Friday, April 20, 2007

It is of course election time in Scotland, and as a somewhat political person I have been trying to keep tabs on the developments at home. In doing so I listened to a webcast on the BBC between Carolyn Leckie of the SSP and Rosemary Byrne of Solidarity. I did so because I was genuinely interested to see if there were any substantive policy differences between the two. However, for the first ten minutes all they did was bicker over the Sheridan fiasco and so I, bored and annoyed, went for a shower.

Now one of the advantages of living in a studio apartment with great soundproofing is that I can sing as loud I want, when taking a dusche. If I remember correctly I moved through a selection of show tunes from West Side Story to Les Miserables. It was at this point, that I thought I heard my front door slam shut. In fact I was certain that it had. This on it’s own was not enough to raise any alarm, as sometimes other front doors can sound like my won. But I swore, I swore…. I could hear voices. Good grief. I was. I definitely could hear people talking from outside my bathroom. Suddenly I panicked, did I have robbers in my pseudo Hefner esque Bachelor pad.

Now in my shower I have two showerheads in my bathroom. One a fixed power shower and the other one of those detachable flexy things for doing your bits and pieces. Now I had already sort of damaged the flexible one already, but in my panic I ripped the metal shower head off. After steeling myself I ran out brandishing my bludgeoning showerhead to confront these aggressors. I of course confronted the dulcet tones of Ms Leckie and Ms Byrne buzzing from my laptop speakers.
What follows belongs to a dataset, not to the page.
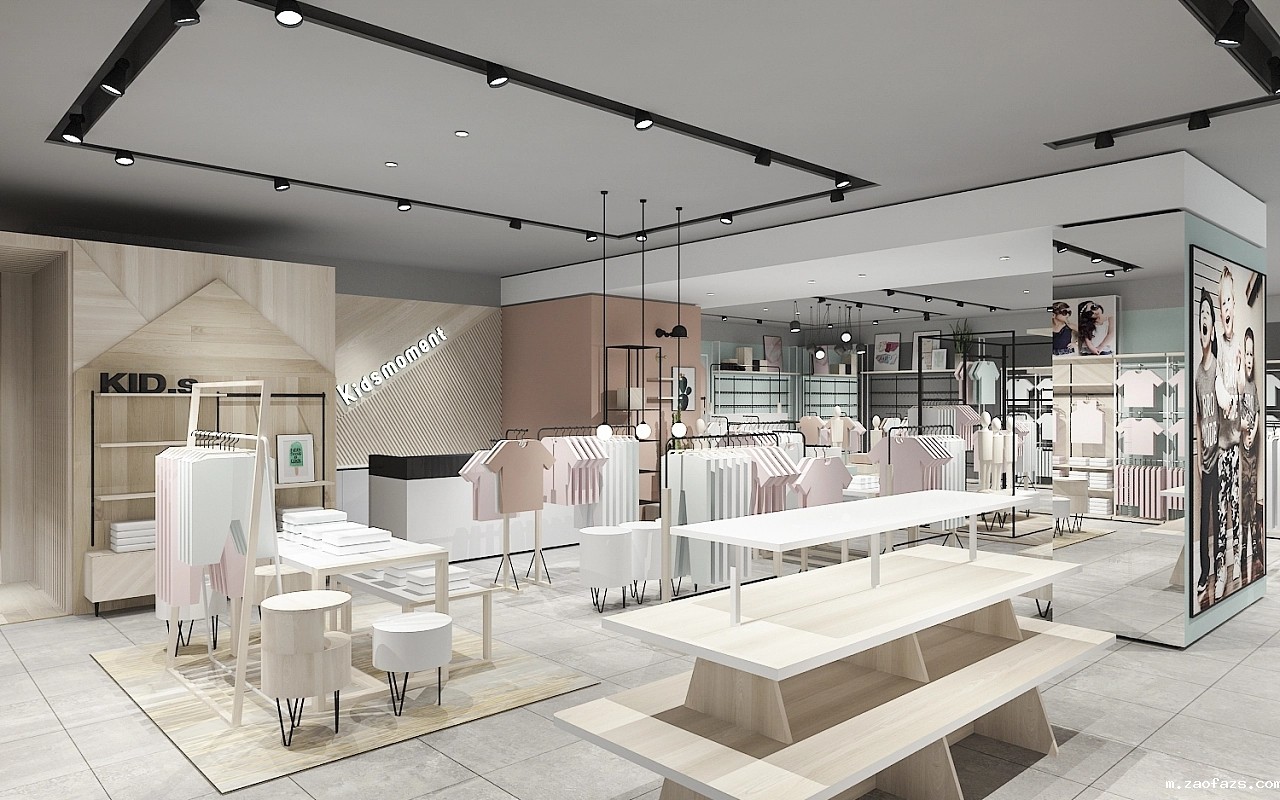 280平米品牌母婴店铺设计装修效果图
I cannot help but wonder who however would have been more scared, the erstwhile robber or me. I mean I doubt the average Seoul miscreant is mentally prepared for the sight of a soaking wet Scotsman in the scud, unleashing a guttaral battle cry whilst carrying a detached showerhead. Probably not covered in your average Tae Kwon Do class.

So I stood there soaking wet, dripping on the floor, staring at the ripped off showerhead. How I have survived this long I just don’t know.the floor, staring at the ripped off showerhead. How I have survived this long I just don’t know.

2 Comments:

Blogger Rowners said...

Special K

1:23 PM  
Blogger Unintentional Housewife said...

And here I thought I was paranoid. That's just lovely, Kenny.